Not too long ago, the Ontario Federation of Labour organized
one-day
general strikes in cities across that province called the Days of
Action. In 1998, Puerto Rico's labor movement, including most of
its
AFL-CIO unions, struck in opposition to the sale of the public
telephone company.
With the Free Trade Area of the Americas coming down the Fast
Track,
why not a general strike throughout the hemisphere, including
across
the whole U.S.?
It's a novel idea for a labor movement that, especially since the
1940s, has been focussed on industry-by-industry or
company-by-company
bargaining. Since the go-it-alone strategy is not working in an era
of
globalization, some changes may be in order.
THE AMERICAN SYSTEM
It has to be admitted that in the United States, general strikes
are
as rare as a generous employer. One reason for this is simply that
the
business unionists who head up most of our unions are not for it.
Back
in the mid-1970s then-AFL-CIO President George Meany said, "We
believe
in the American system.

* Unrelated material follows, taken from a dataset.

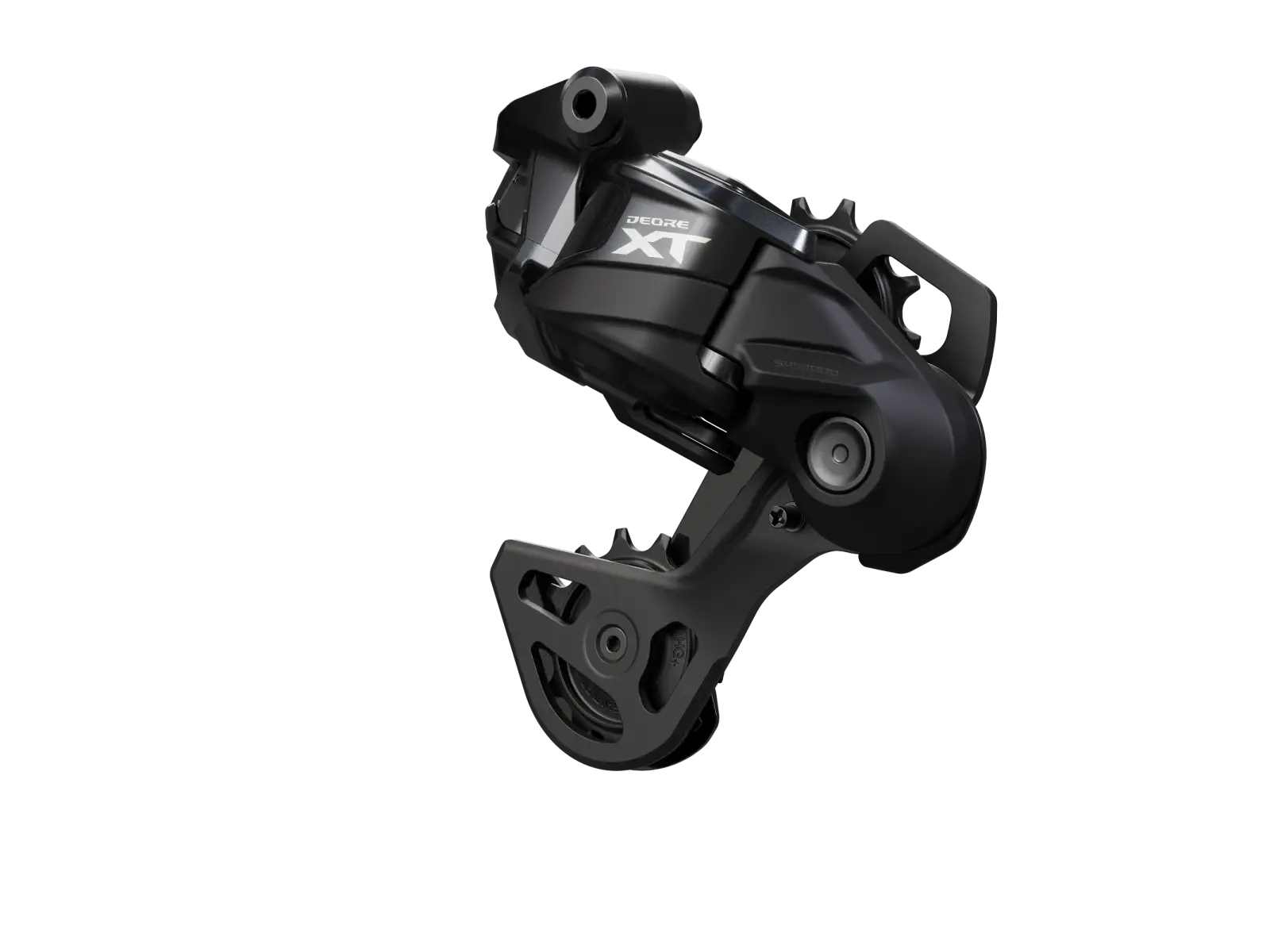 Shimano XT RD-M8250-GS, SW-M8250-IR, BT-DN320, EC-DN100, SM-CN910-12 Zestaw aktualizacji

We don't take to the streets and we don't
call
general strikes and we don't call political strikes."
In one respect Meany was wrong. "We" certainly do take to the
streets,
and it hasn't just been in the 1930s or the 1960s. Check out the
streets around Pittston's western Virginia coal mines in 1989, or
the
highways hit by "road warriors" from Hormel in the mid-1980s or
Staley
in the mid-1990s. What about the Latino drywallers in Los Angeles a
decade ago or the construction workers in New York City a couple of
years ago? And then there were the thousands who marched last June
in
Columbia, South Carolina in support of the Charleston 5, members of
the ILA threatened with felony charges for trying to stop scabs.
And does Seattle ring a bell?
Meany was wrong. American workers hit the streets with regularity.
But
they don't stop work and hit the streets all at once, together, for
a
common goal. In large part this is due to the weak class
consciousness
of most American workers that is both a cause and consequence of
business unionism. Over the years, it has been further undermined
by a
prosperous past, racial divisions, and an approach to politics and
social programs unique to unions in the United States.
Most accounts of the tightening grip of business unionism after
World
War II include the, by then, universal presence of no-strike
clauses
in union contracts; the purge of leftists from the CIO; the growing
dependence on the Democratic Party; McCarthyism; increased
bureaucracy; and, of course, the Taft-Hartley Act. All of these
played
a role in the triumph of the narrow ideology and practice of
business
unionism. But it is important to understand what they did and
didn't
accomplish.
All of these events and trends weakened organized labor in
important
ways. They wrecked the plan to organize the South, leaving that
region
a haven for runaway shops to this day. Bargaining in the electrical
industry was fragmented and seriously undermined by the attacks on
the
United Electrical Workers after it was forced out of the CIO.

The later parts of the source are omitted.